> [Problem details]
In the records below, begin at the line that has "Quần short siêu" and stop after the line that has "Aerie Real Good"; quote those lines verbatim and nothing more.
[[ Exercise input open ]]
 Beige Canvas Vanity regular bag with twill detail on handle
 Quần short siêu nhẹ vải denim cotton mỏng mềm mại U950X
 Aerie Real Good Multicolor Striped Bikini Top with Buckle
[[ Exercise input closed ]]
[[ Exercise input open ]]
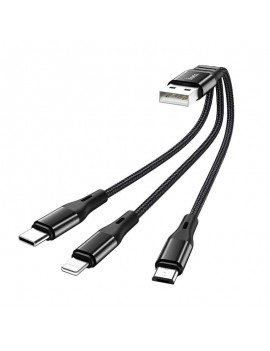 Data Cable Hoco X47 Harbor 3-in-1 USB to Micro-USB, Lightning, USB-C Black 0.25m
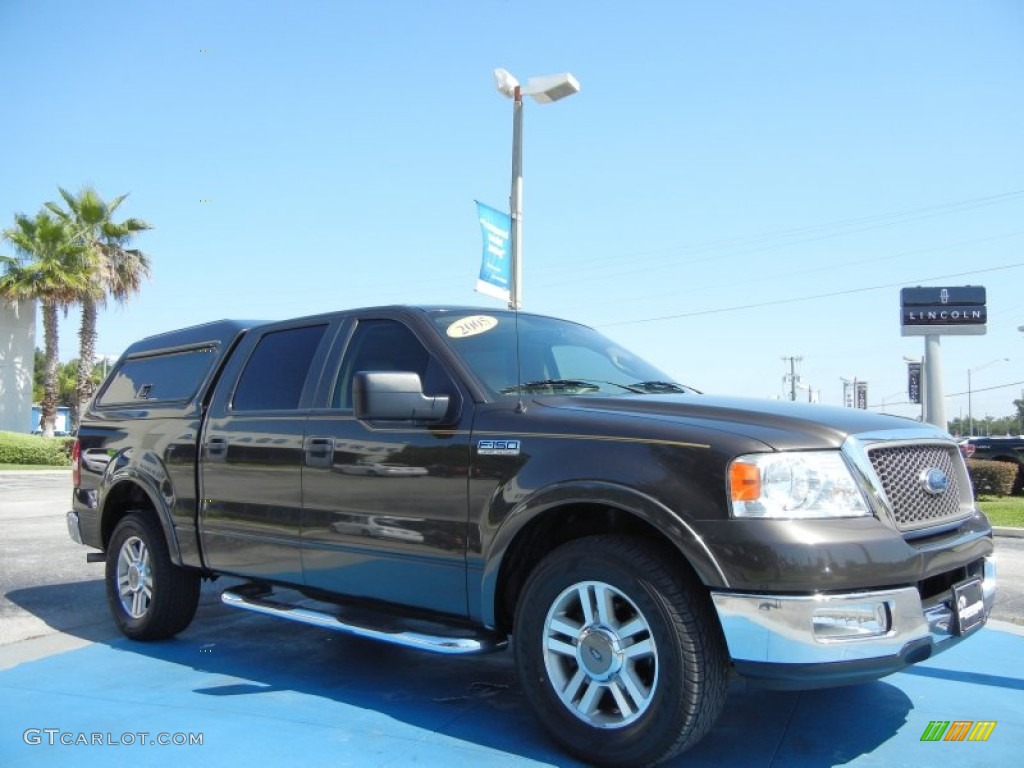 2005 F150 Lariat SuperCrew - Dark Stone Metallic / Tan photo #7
[[ Exercise input closed ]]
[[ Exercise input open ]]
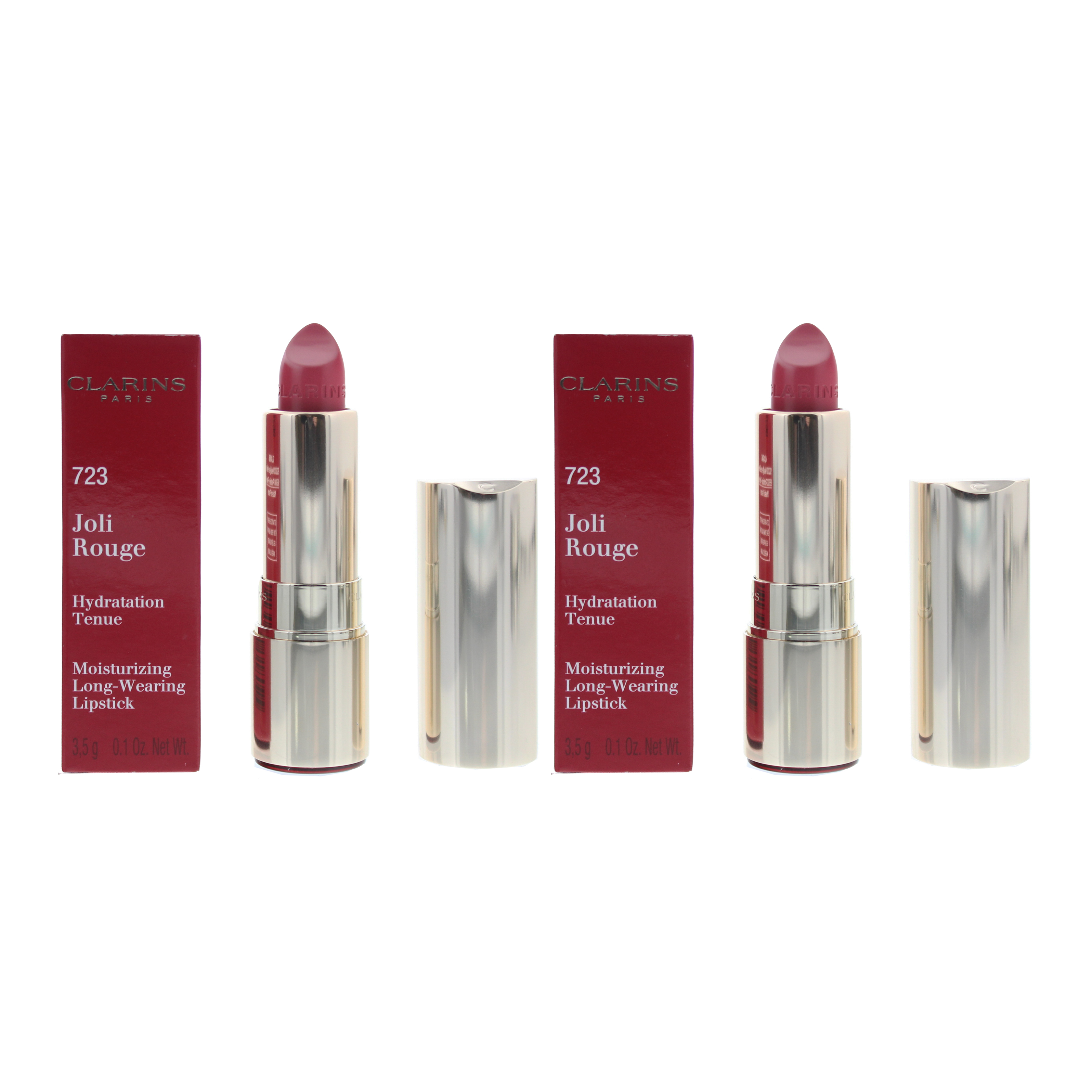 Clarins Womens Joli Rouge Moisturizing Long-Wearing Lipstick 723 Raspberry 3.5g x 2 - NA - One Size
[[ Exercise input closed ]]
> [Reply]
 Quần short siêu nhẹ vải denim cotton mỏng mềm mại U950X
 Aerie Real Good Multicolor Striped Bikini Top with Buckle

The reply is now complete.